I don't think an assumption that records wouldn't be useful to others is ever a reason for non-public access datasets, and reasons of species sensitivity/environmental harm are probably in the minority.

It could be argued that the NBNG is not the best mechanism for this kind of non-public disemmination, but we are where we are and organisations have bought into the Gateway and developed tools to use the data, so the number of these non-public datasets is likely to increase rather than decrease in the short-term at least.

To debate with myself, I can see a reason for not hiding these datasets - the signposting opportunities that the Gateway offers for the existence of pertinent records to researchers and specialists. I think all the datasets mentioned here do clearly explain the situation in their metadata pages so perhaps the status quo is fine?

I think we are one of the "best" LRCs for putting data on the Gateway in the sense of putting a high proportion of our records on, but probably one of the "worst" compared to LRCs who only put their really super high quality, comprehensively verified data on.
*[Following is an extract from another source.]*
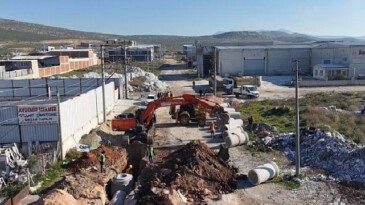 Karaosmanoğlu Sanayi Sitesi’nin Çeyrek Asırlık Altyapısı Zahmeti Son Buluyor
Regardless, I am concerned that records that fall into the categories above which we make available to partners offline will not be available to our national partners so will probably be uploading a "hidden" dataset soon of those records.
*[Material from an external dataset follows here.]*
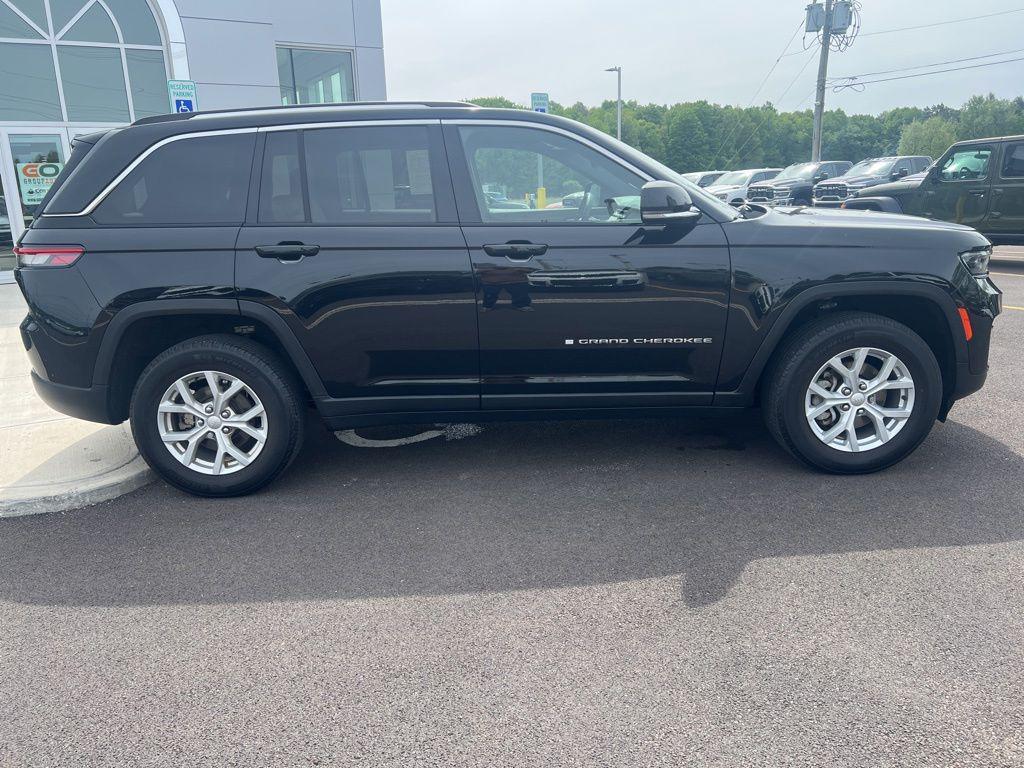 used 2023 Jeep Grand Cherokee car, priced at $35,796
Teresa Frost | Wetland Bird Survey National Organiser | BTO
Other hat  | National Forum for Biological Recording Council
(Old hats  | NBN Board, ALERC Board, CBDC, KMBRC)


Re: Mapping all submitted datasets

Another reason for uploading unverified data as a hidden dataset would be to give access to a verifier only who could comment on the records using the commenting facility.

Teresa Frost | Wetland Bird Survey National Organiser | BTO
Other hat  | National Forum for Biological Recording Council
(Old hats  | NBN Board, ALERC Board, CBDC, KMBRC)


Re: Mapping all submitted datasets

SNH manages one dataset which falls into the 'hidden' category, the Invertebrate Site Register for Scotland. The ISR is quite an old dataset, compiled from multiple sources, and was removed from general public viewing after it was pointed out that it contains a relatively high level of errors. The ISR should not be relied on for mapping species distributions or environmental change, but may be suitable for identifying areas of search for species of conservation interest. It's appropriate that specialists who understand the limitations of the data should be able to use it to follow up old records of scarce species in order to target survey work, especially in areas of poor coverage.
Caveats over data quality are set out clearly in the ISR's metadata, but it became apparent that few users consult metadata, so there was potential for doubtful records to be accepted unquestioningly. Requiring users to request access means we can grant it with a strong 'health warning' in the covering message, making it clear what the data should & shouldn't be used for.
The alternative would have been to remove the dataset from the Gateway completely, in which case the ISR would have been accessible only to those few who somehow knew of its existence, and then only on request from SNH. This would have involved both users and ourselves in extra work handling requests, and would have increased the risk of uncontrolled copies of the data entering circulation, without the benefit of any corrections that may be made to the master version.